> Supplied information:

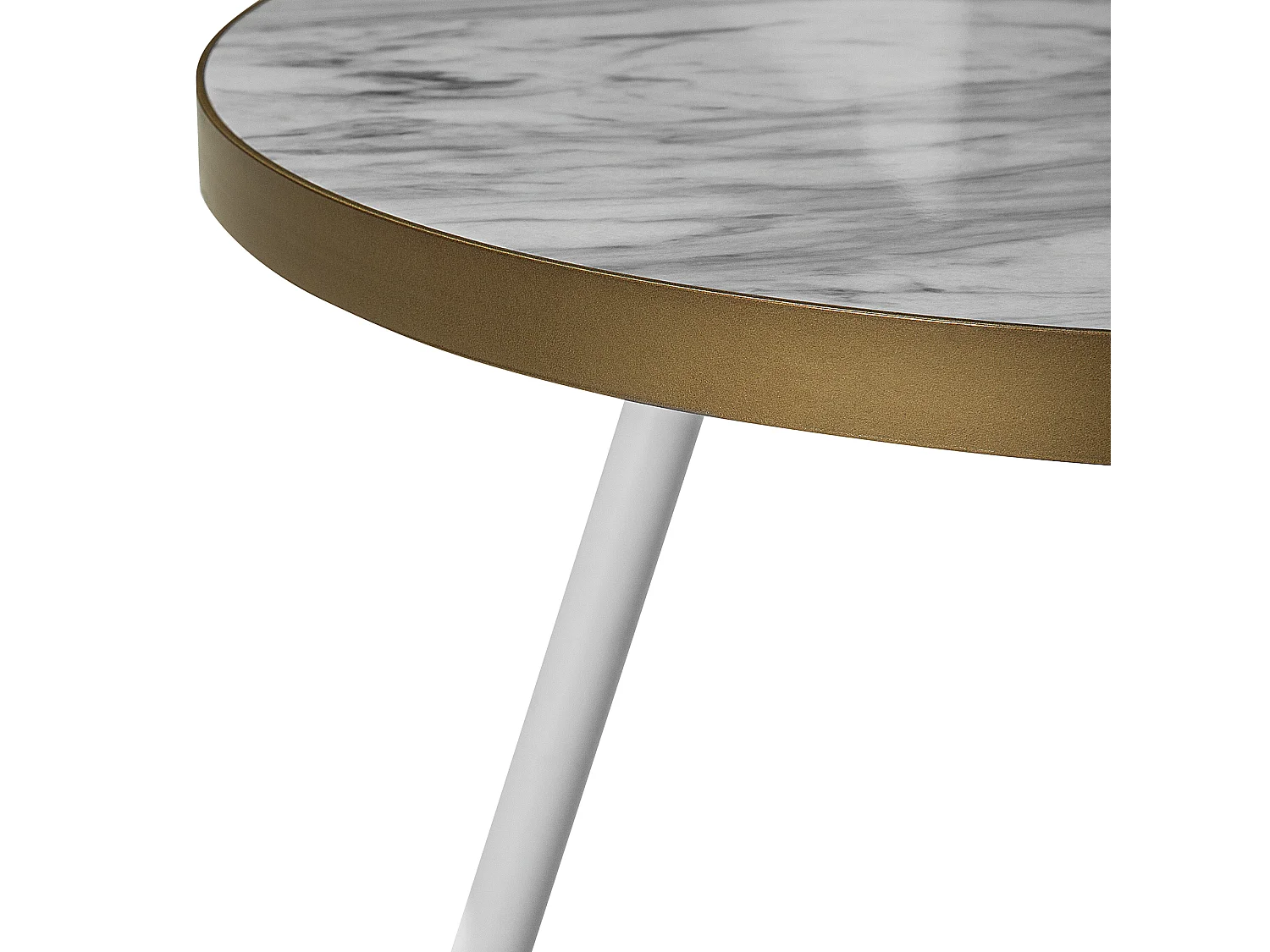 Salontafel RAMONA Wit marmer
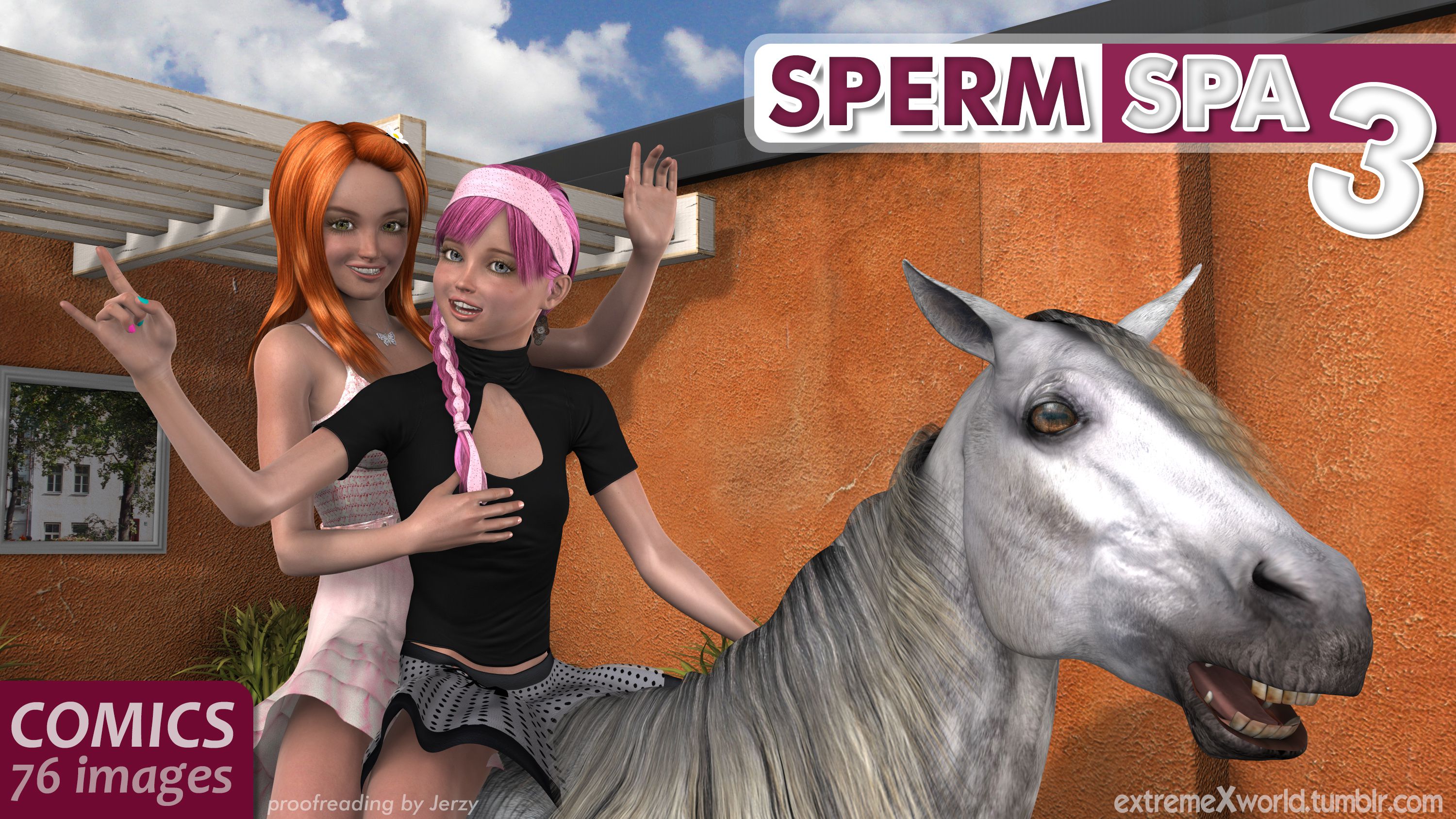 Sperm Spa [ExtremeXWorld] 3 . Sperm Spa - Chapter 3 [ExtremeXWorld] – page 1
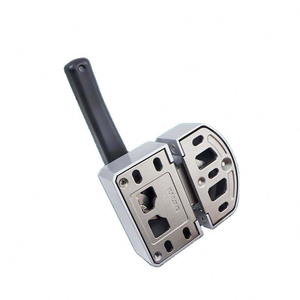 SK1-706R hiện đại nén máy tính thử nghiệm xử lý thép cửa nhựa lò Latch khóa mạ kẽm đánh bóng kết thúc cho khách sạn biệt thự - Product Image 5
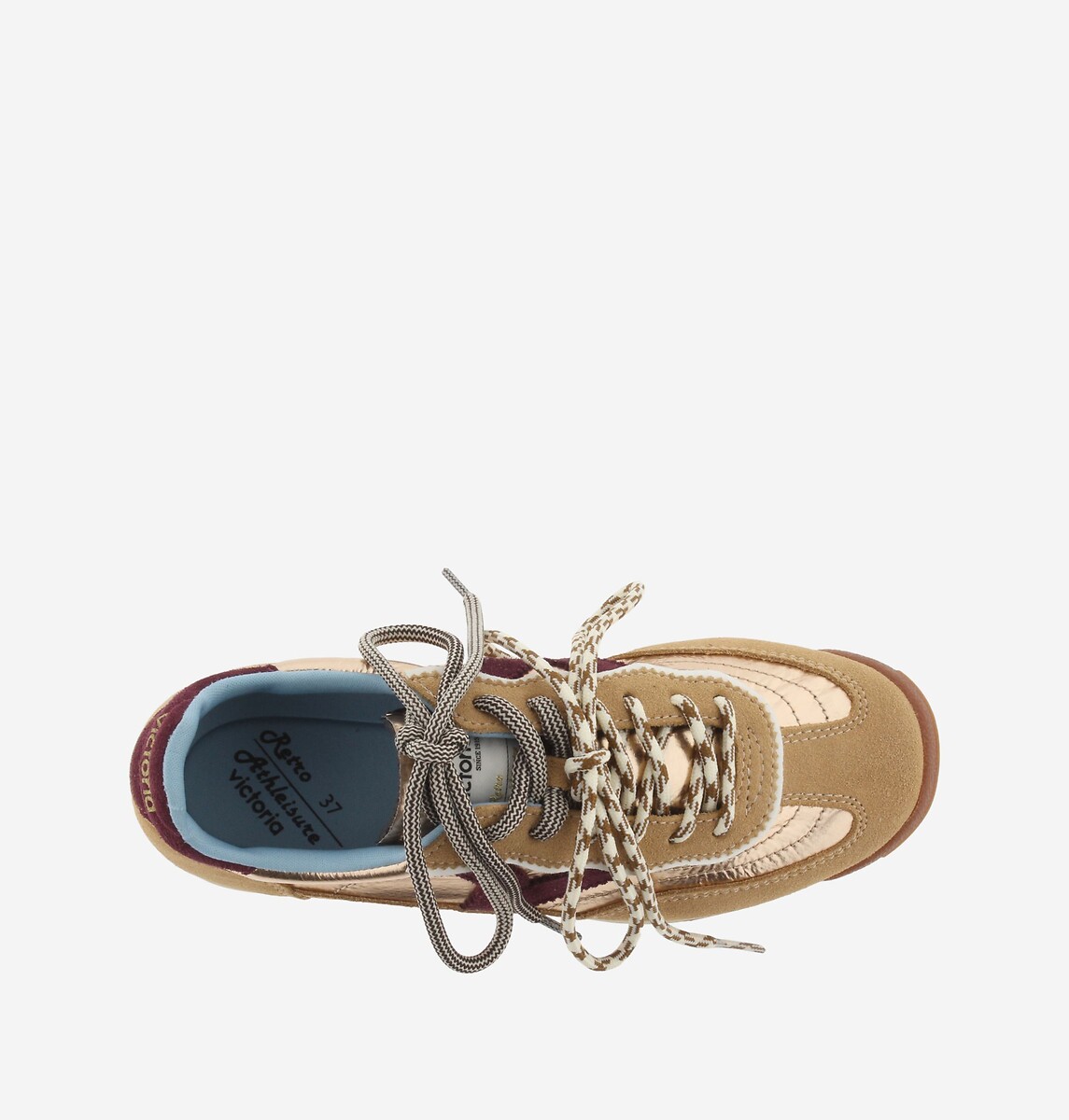 Victoria Zapatillas SATURNO SERRAJE & NYLON — foto 5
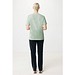 Iqoniq Kakadu relaxed T-Shirt aus recycelter Baumwolle, Iceberg green, XXS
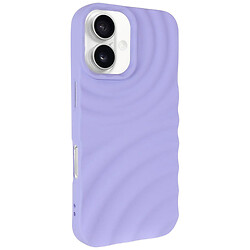 Чехол (накладка) Apple iPhone 16, Epik MonoWave, Light Blue, Голубой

> What the task asks: Write out the material above precisely, leaving each picture behind.

> Expected answer:
 Salontafel RAMONA Wit marmer
 Sperm Spa [ExtremeXWorld] 3 . Sperm Spa - Chapter 3 [ExtremeXWorld] – page 1
 SK1-706R hiện đại nén máy tính thử nghiệm xử lý thép cửa nhựa lò Latch khóa mạ kẽm đánh bóng kết thúc cho khách sạn biệt thự - Product Image 5
 Victoria Zapatillas SATURNO SERRAJE & NYLON — foto 5
 Iqoniq Kakadu relaxed T-Shirt aus recycelter Baumwolle, Iceberg green, XXS
 Чехол (накладка) Apple iPhone 16, Epik MonoWave, Light Blue, Голубой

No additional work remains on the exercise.